LaBute New Theater Festival (2018)

D

In 2016 the St. Louis Actors’ Studio brought six one-act plays to 59E59 Theaters for the LaBute New Theater Festival. Last year the number was down to four and this year there are only three. Unfortunately, not only has the number of plays diminished, but the quality has gone down as well. Not one of this year’s plays could be called a success, at least not by me. 

Neil LaBute’s entry, “Hate Crime,” opens the program. Perhaps to show that he is au courant on the topic of same-sex marriage, LaBute gives us a gay gloss on “Double Indemnity.” We meet two lovers, Man 1 (Chauncy Thomas) and Man 2 (Spencer Sickmann) in a hotel room where they are going over the details of their planned murder of Man 2’s older husband-to-be immediately after their upcoming wedding. Man 1, who constantly bullies Man 2, relishes the details of the brutal murder, which will be disguised as a gay-bashing.

In “Winter Break” by James Haigney, we meet three members of an Episcopalian family. Daughter Johanna (Kelly Schaschl), who has recently converted to Islam and renamed herself Aisha, is about to leave for Turkey where she plans to spend 2 1/2 weeks studying with a Sufi mystic. Her mother Kitty (Autumn Dornfeld) tries to respect her daughter’s choices, but is fearful enough to beg her not to go. Her gay older brother Bailey (Sickmann) is an Islamophobe who, fearing that she is a prime recruitment target for jihadist groups, questions whether she really intends to return from Turkey. The situation is believable, but the arguments are a bit circular. Nevertheless, I found this the best of the three.

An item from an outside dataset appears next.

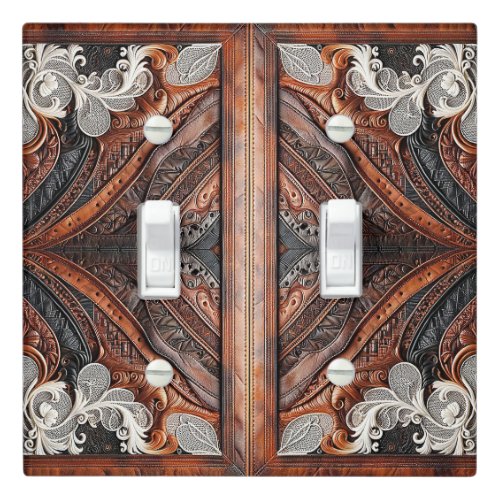 Multi Color Leather  Elegant Lace Rustic  Light Switch Cover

“Percentage America” by Carter W. Lewis is the most ambitious play, but unfortunately trips over its attempts at satire. Andrew (Thomas) and Arial (Dornfeld), having met through an online dating site, are having their first date at Arial’s Washington, D.C. apartment. (That a woman would make her home the location for a blind date seemed unlikely to me.) After confessing to several liberties in their online profiles, they become intoxicated with the power of truth. At Arial’s suggestion, they decide to play a game whereby they “decipher” a news story by comparing how it is presented by various media, finding the most likely version and stripping away loaded adjectives to get to the verifiable truth. Somehow this game has an aphrodisiac effect on them. The story they decide to investigate involves an encounter between the president and a teenage girl (Schaschl) in the Rose Garden. The way it is treated by various media outlets of course reflects their biases. What the couple think they discover alarms them and raises questions about the cost of pursuing the truth. The concept is promising, but the treatment is clumsy and the play is twice as long as it should be. 

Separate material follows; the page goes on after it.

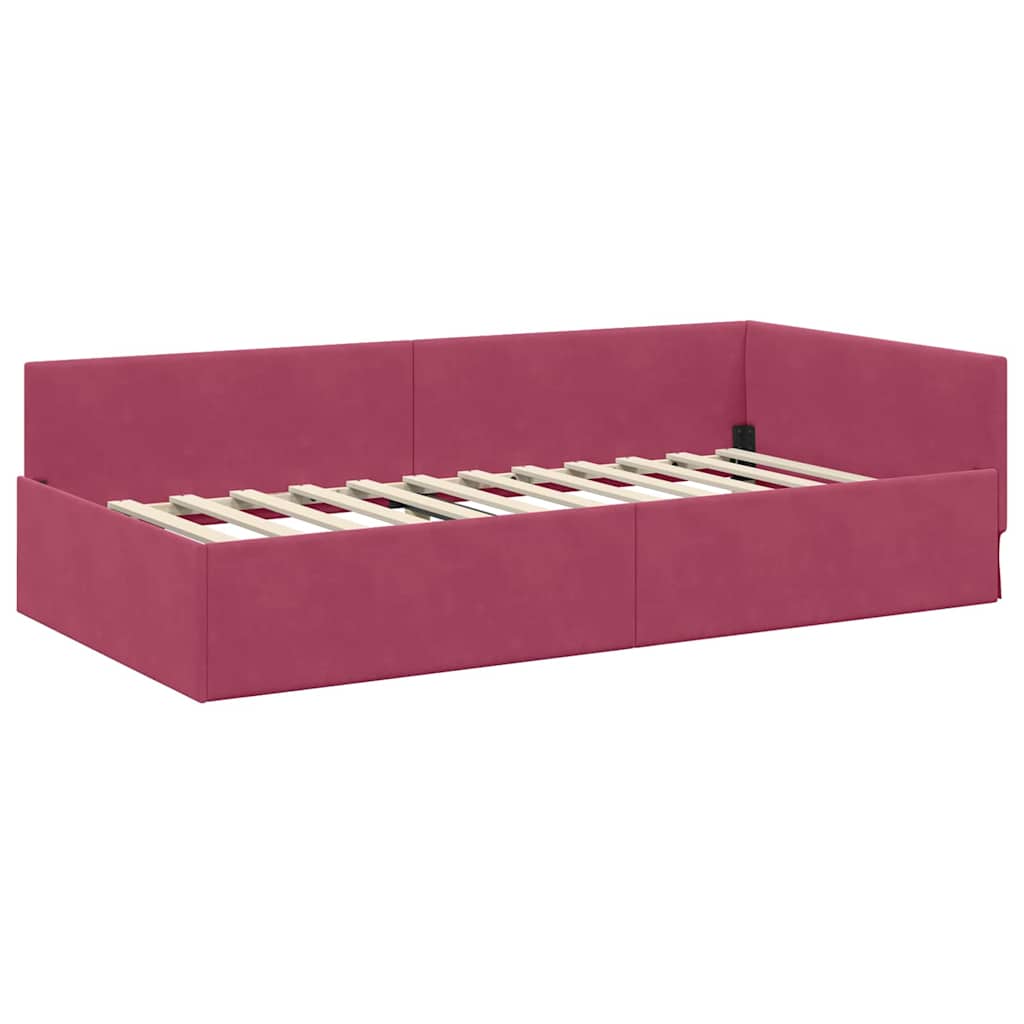 Corner Bed Frame with Headboard Burgundy 80 Cm X 200 Cm Velvet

It is disheartening to think that these are the three best plays they could find for this year’s festival. The acting could best be described as competent. I was surprised that the male actors had to do double duty as stagehands between plays. The set design by Patrick Huber is simple and the costumes by Carla Landis Evans are unremarkable. John Pierson directed. Running time: one hour 40 minutes including intermission.